A financing contingency generally protects a buyer if a mortgage loan doesn’t get approved within an agreed timeframe, for reasons ranging from a change in employment to an issue that surfaces during underwriting. Without this contingency, a buyer who can’t secure financing could still be contractually obligated to complete the purchase or risk losing the deposit. The specific window of time allowed for financing approval is typically spelled out in the contract itself.

The inspection contingency

An inspection contingency generally gives a buyer a defined window to have the property inspected and to request repairs, a credit, or a price adjustment based on what’s found, with the right to cancel if an agreement can’t be reached. This is closely tied to how much a buyer might reasonably budget for repairs identified after an inspection, since the contingency period is often when that negotiation actually happens. Some buyers consider waiving this contingency to make an offer more competitive, but whether skipping the inspection altogether is worth the risk is a serious tradeoff that depends heavily on the specific property and market.

The appraisal contingency

An appraisal contingency generally protects a buyer if the lender’s appraisal values the home lower than the agreed purchase price, since many lenders won’t finance more than the appraised value. Without this contingency, a buyer facing a low appraisal might need to cover the difference in cash, renegotiate the price, or risk the deposit by walking away. This is part of why preparing financially for a possible appraisal gap is often discussed alongside the appraisal contingency specifically, since the two are directly connected.

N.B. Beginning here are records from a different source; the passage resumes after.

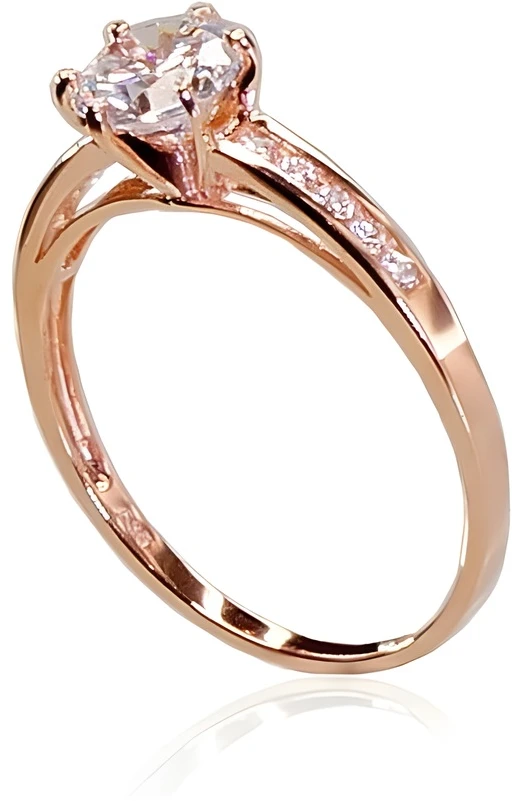 Diamond Sky Jewelry Auksinis žiedas su cirkoniais „Juno Gold XXIII“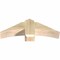 Ekena Millwork Bellingham Rough Sawn Timber Gable Bracket, Douglas Fir, 36"W x 12"H x 6"D x 6"F, 8/12 Pitch GBW036X12X0606BEL00RDF - alternate 5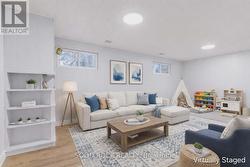 Virtually Staged - Family Room - 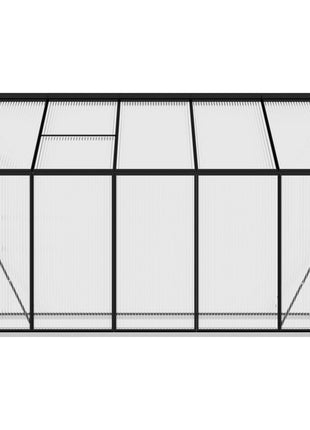 Broeikas 6,5 m³ aluminium antracietkleurig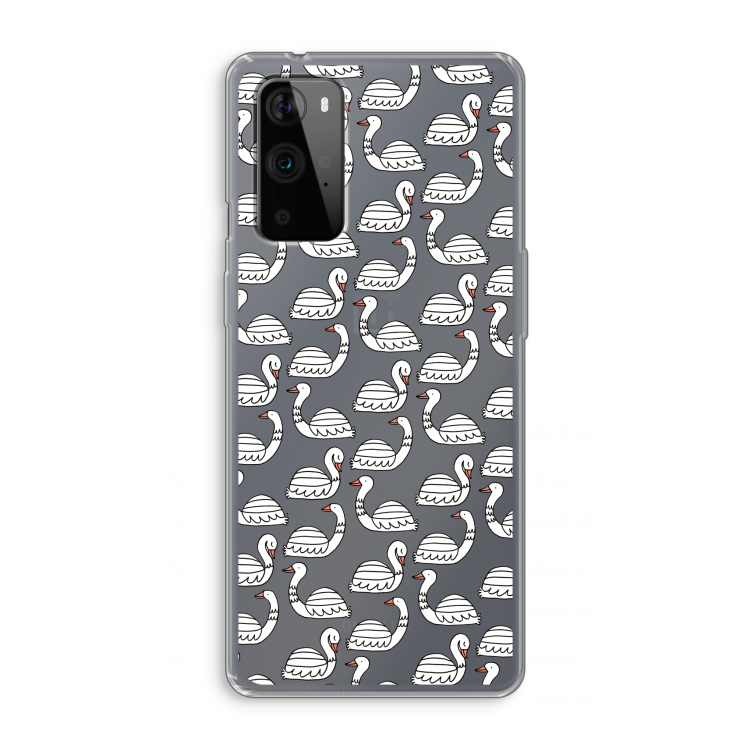 Zwanen: OnePlus 9 Pro Transparant Hoesje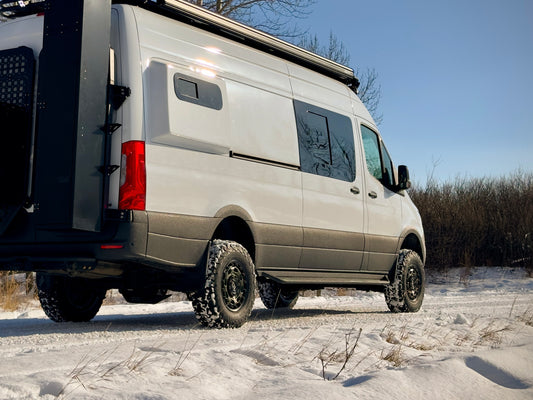 APEX - Rock Sliders / Side Steps - 170 - Drop Down with Shorter Driver Side - Steel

Why contingencies get waived at all

In competitive markets, buyers sometimes waive one or more contingencies to make an offer stand out, since a seller may prefer an offer with fewer conditions attached. Waiving a contingency doesn’t just remove a formality — it removes the buyer’s contractual right to cancel and recover the deposit under that specific condition, which is why sellers may find such an offer more attractive in the first place. This is also connected to the reverse question of what allows a seller to back out after accepting an offer, since contract terms generally cut both ways depending on how they’re written.

The takeaway

Each contingency represents a specific risk being shifted away from the buyer, and removing one shifts that same risk back. Reviewing exactly which contingencies are included in a specific contract, what deadlines apply, and what happens to the deposit if a contingency isn’t met is something a real estate attorney or agent familiar with local contract language and requirements can walk through in detail, since these terms can vary by state and by transaction.